Ophthalmology assessment at 5 years of age
Eleven of the 96 children in the study group (11.5%) were either lost to follow-up (n = 8) or discharged (n = 3). In the study group, strabismus (42/301, 14.0%) and nystagmus (10/301, 3.3%) persisted in all children at the age of 5 years (this excludes children who were lost from review). One case of nystagmus had resolved by the age of 5 years. Of the children in whom strabismus was not documented at 5 years of age, 3 had surgical correction and 1 was lost to follow-up. Further details about the patients with strabismus are shown in Table 2 . Thirty-six of 85 children (42.4%) in whom binocular vision was tested showed no demonstrable binocular single vision (simultaneous perception, fusion, or stereopsis). Twenty-four of 85 children (28.2%) had visual acuity of 0.3 logMAR or worse in the worse eye.

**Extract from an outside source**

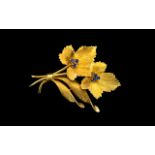 18ct Gold - Nice Quality and Attractive Floral Spray Design Brooch,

The mean refractive error was +1.56 D in the right eye and +1.75 D in the left (spherical equivalents), with 16 of 85 (18.8%) having refractive error of more than −1.0 D myopia or +3.5 D hypermetropia. Refractive data of the control group are not available. There were no new morbidities diagnosed at 5 years of age that were not present at presentation.
A total of 61.5% (59/96) of children did not attend their latest scheduled follow-up appointment, compared with 5% for all other referrals to the local pediatric ophthalmology service. A number of steps are taken to encourage patients to be followed up in the hospital, using a multi-agency approach including social worker involvement.
The results are summarized in Table 3 . The study group at 5-year follow-up was compared with the age-matched controls. The prevalence of strabismus at the age of 5 was found to be 14.0% (42/301), compared with 2.8% in the control group, giving an odds ratio of 5.70 (95% CI 4.01-8.12). The prevalence of nystagmus was 3.3% (10/301) at 5 years, compared with 0.004% in the control group, with an odds ratio of 90.34 (95% CI 24.73-330.02). It was also estimated that the chance of being referred to the ophthalmology department was 3.10 times higher in children of substance misuse mothers compared to the general public (95% CI 2.41-3.99).